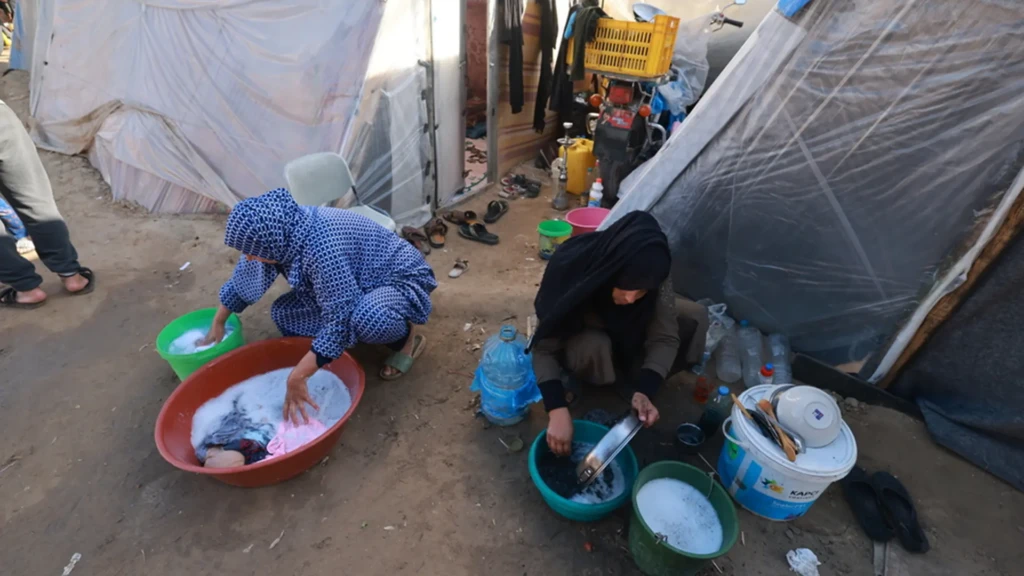 La población palestina lucha por encontrar agua limpia para beber, cocinar o lavarse.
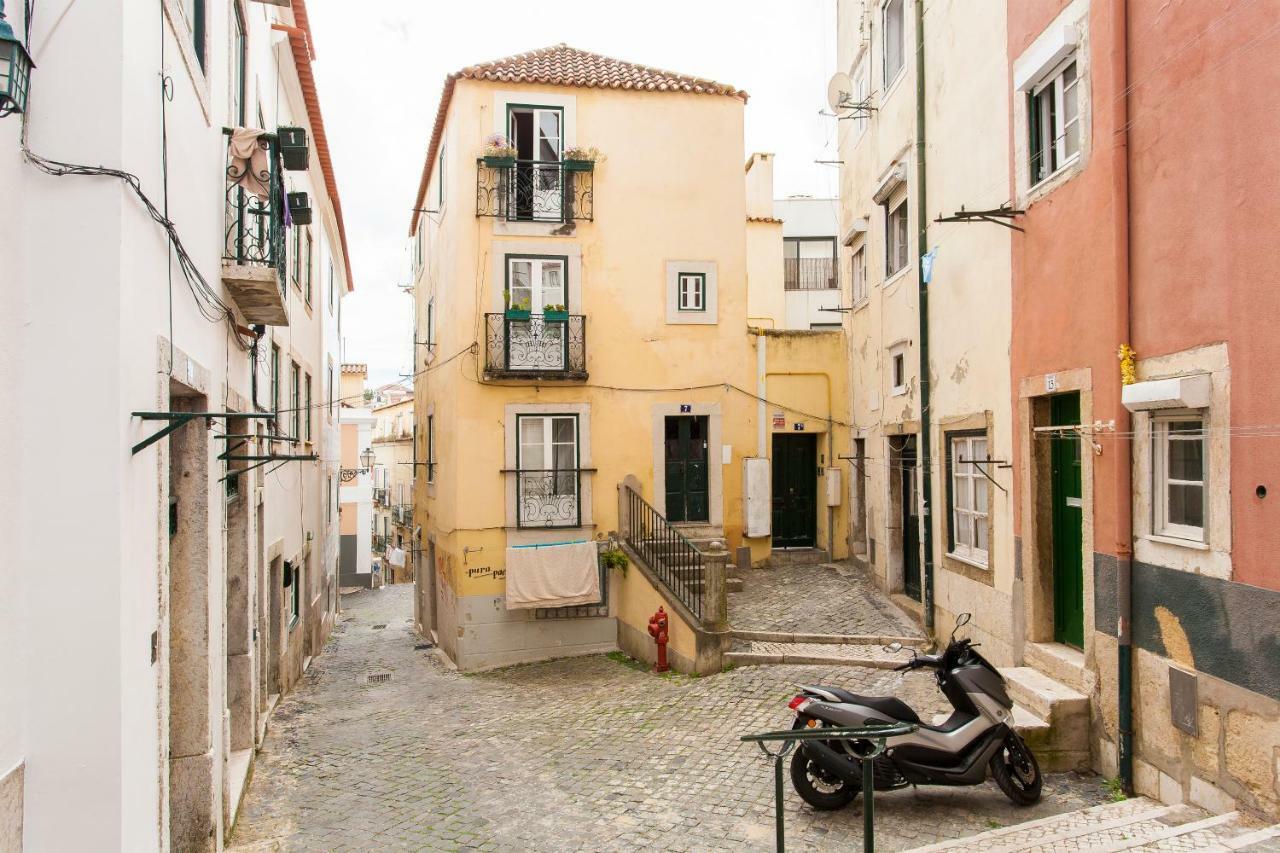 Joivy Charming Apt Near Fado Museum Lisbona Esterno foto
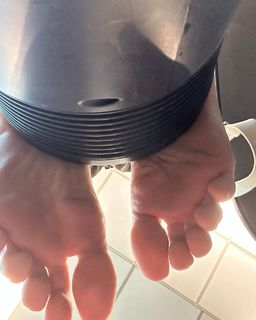 Kyle Unfug feet photo thumbnail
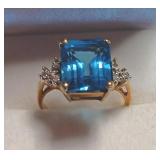 10k Gold Diamond Blue Topaz Ring 2.1 G Size 6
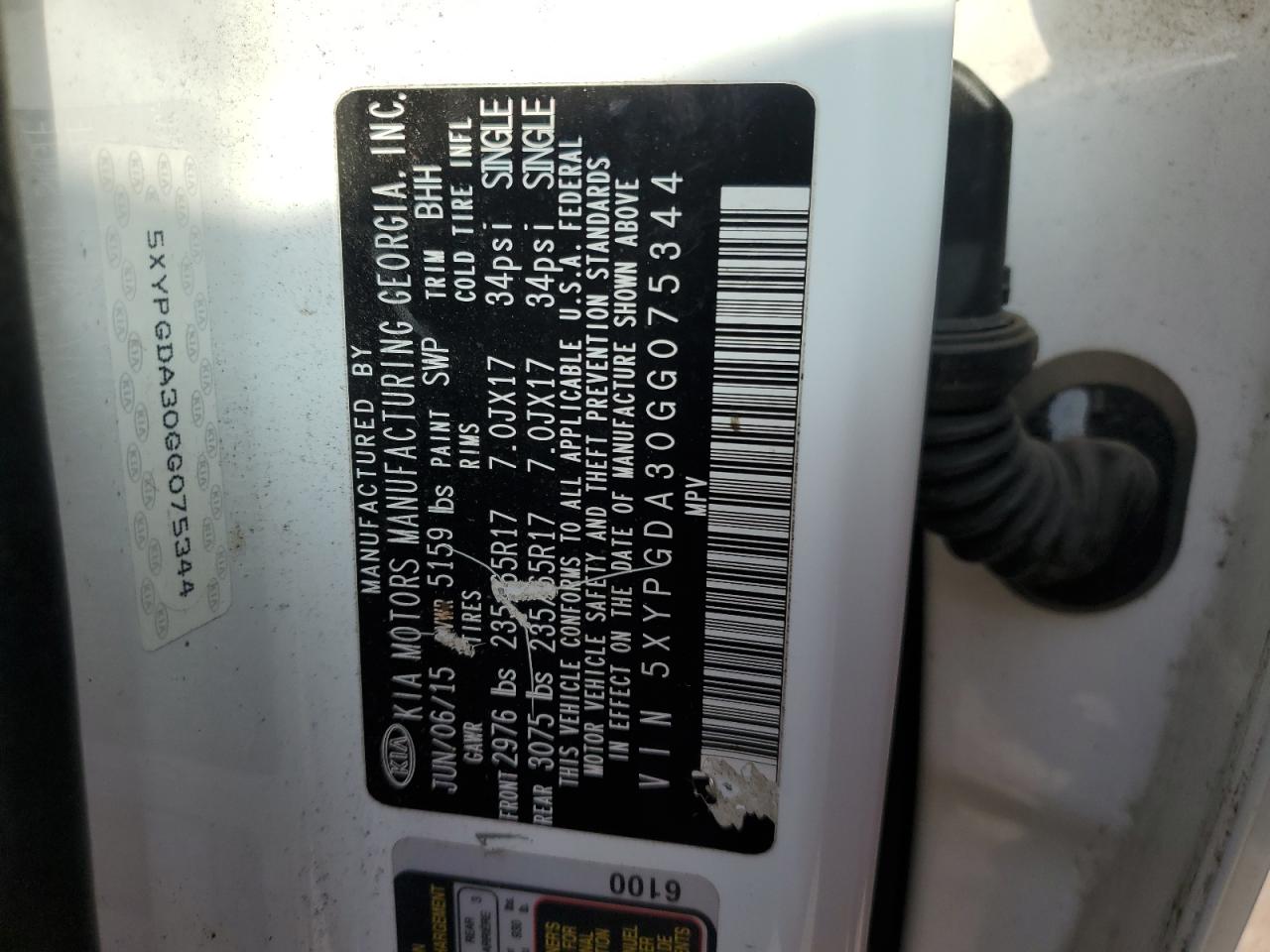 2016 Kia Sorento - Image 13
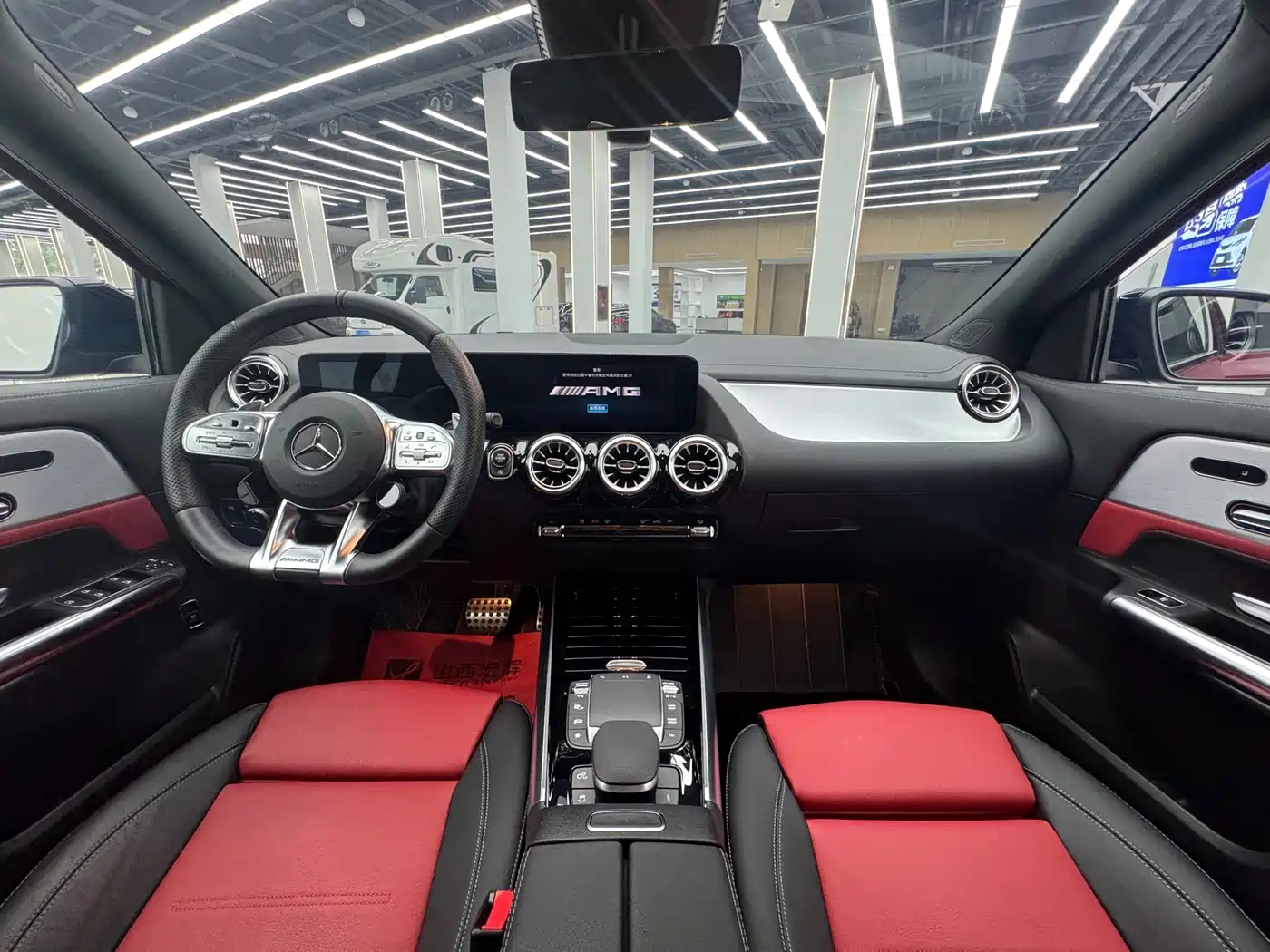 MERCEDES-BENZ GLA AMG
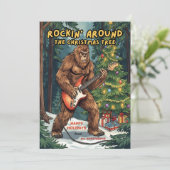 Sasquatch Rockin’ Around the Christmas Tree  Feestdagenkaart (Staand voorkant)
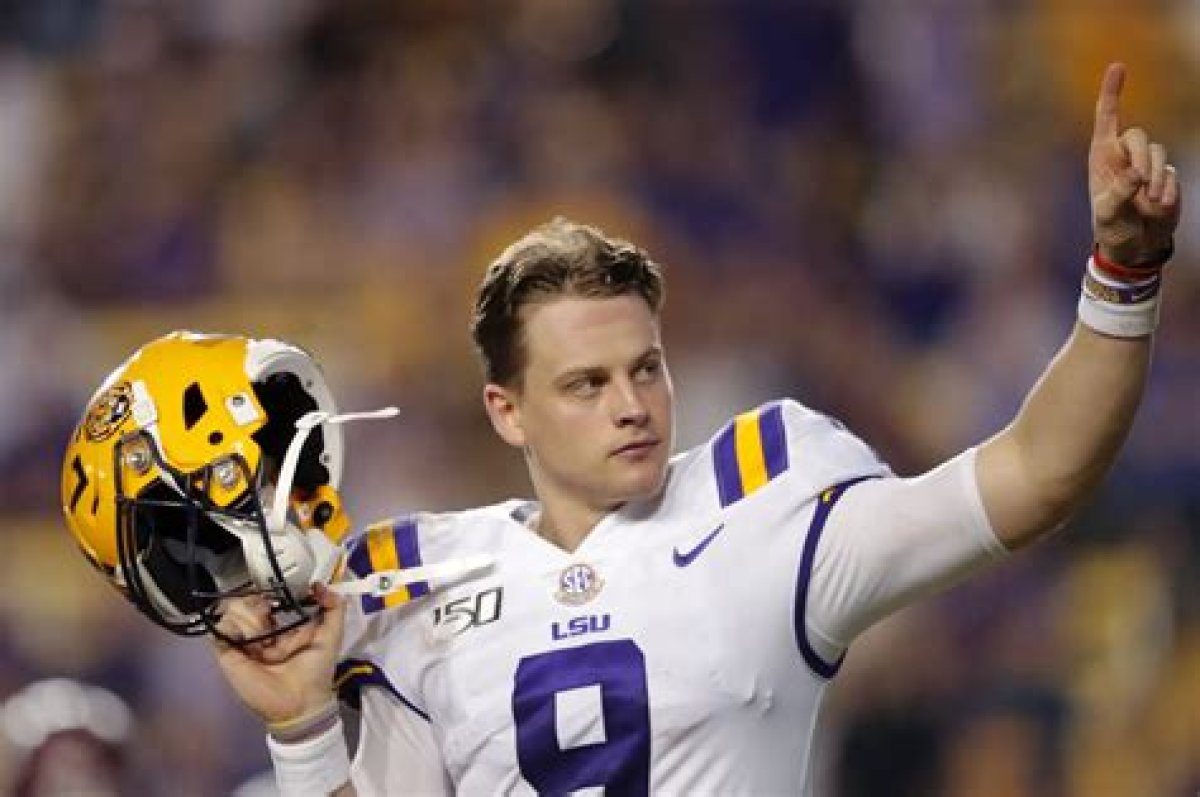 Joe Burrow Net Worth | Joe Burrow Bio Career Success Story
-=-=-=-=-
◆ Problem requirements: An unaltered copy of the material, without images, should be set down.

◆ Expected answer:
 La población palestina lucha por encontrar agua limpia para beber, cocinar o lavarse.
 Joivy Charming Apt Near Fado Museum Lisbona Esterno foto
 Kyle Unfug feet photo thumbnail
 10k Gold Diamond Blue Topaz Ring 2.1 G Size 6
 2016 Kia Sorento - Image 13
 MERCEDES-BENZ GLA AMG
 Sasquatch Rockin’ Around the Christmas Tree  Feestdagenkaart (Staand voorkant)
 Joe Burrow Net Worth | Joe Burrow Bio Career Success Story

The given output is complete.